• _DIRECTIONS_
Your task is to repeat exactly the lines below between the line holding "GUCCI Gucci bag clutch bag" and the line holding "Date this foxy", inclusive, and only those.

• _SOURCE MATERIAL_
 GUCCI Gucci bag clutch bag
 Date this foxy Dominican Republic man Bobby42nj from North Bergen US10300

---

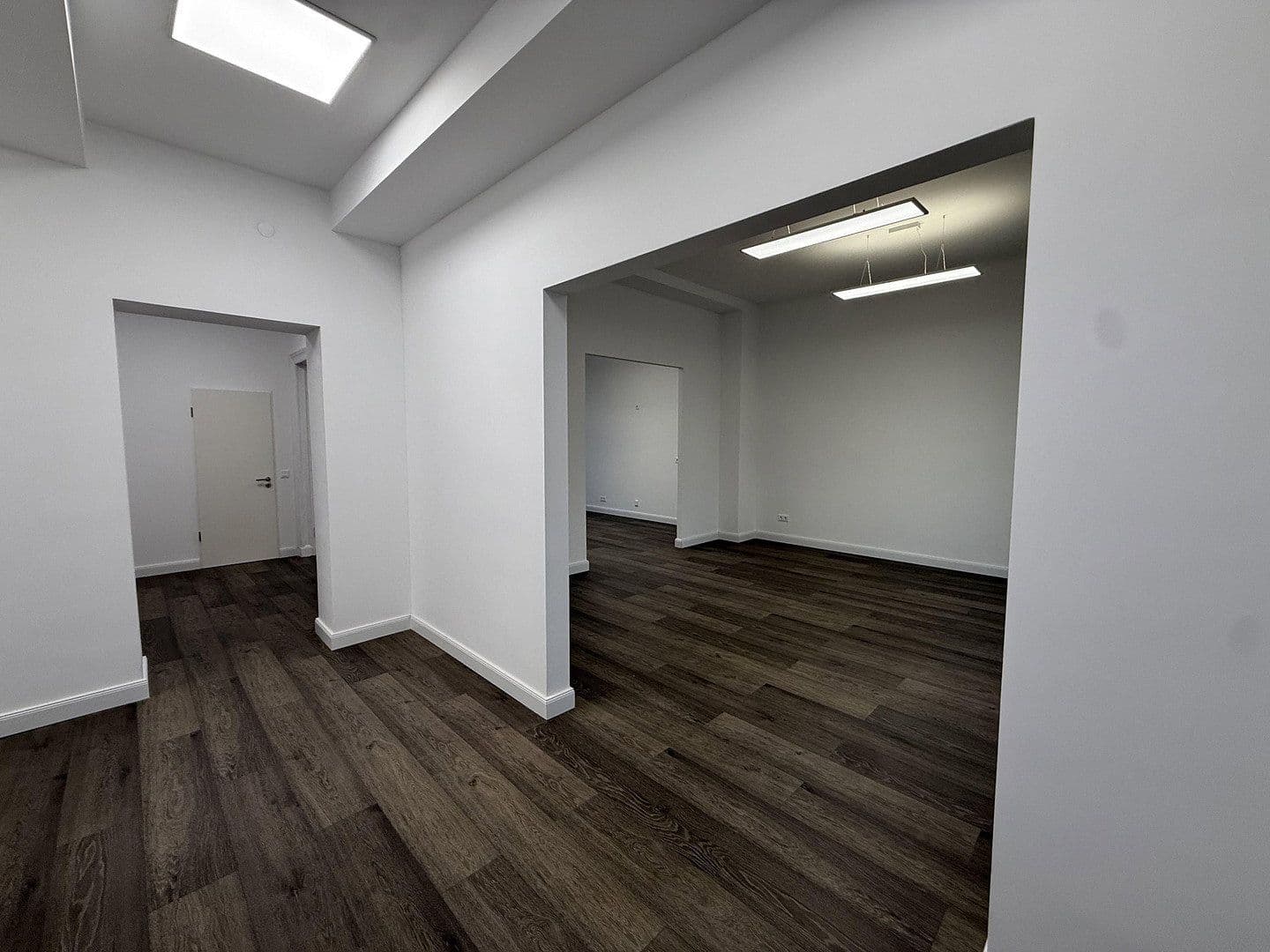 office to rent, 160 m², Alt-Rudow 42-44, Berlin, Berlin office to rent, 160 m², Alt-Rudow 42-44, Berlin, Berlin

...

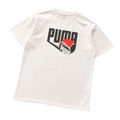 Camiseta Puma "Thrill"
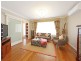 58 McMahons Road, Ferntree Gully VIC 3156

• _YOUR RESPONSE_
 GUCCI Gucci bag clutch bag
 Date this foxy Dominican Republic man Bobby42nj from North Bergen US10300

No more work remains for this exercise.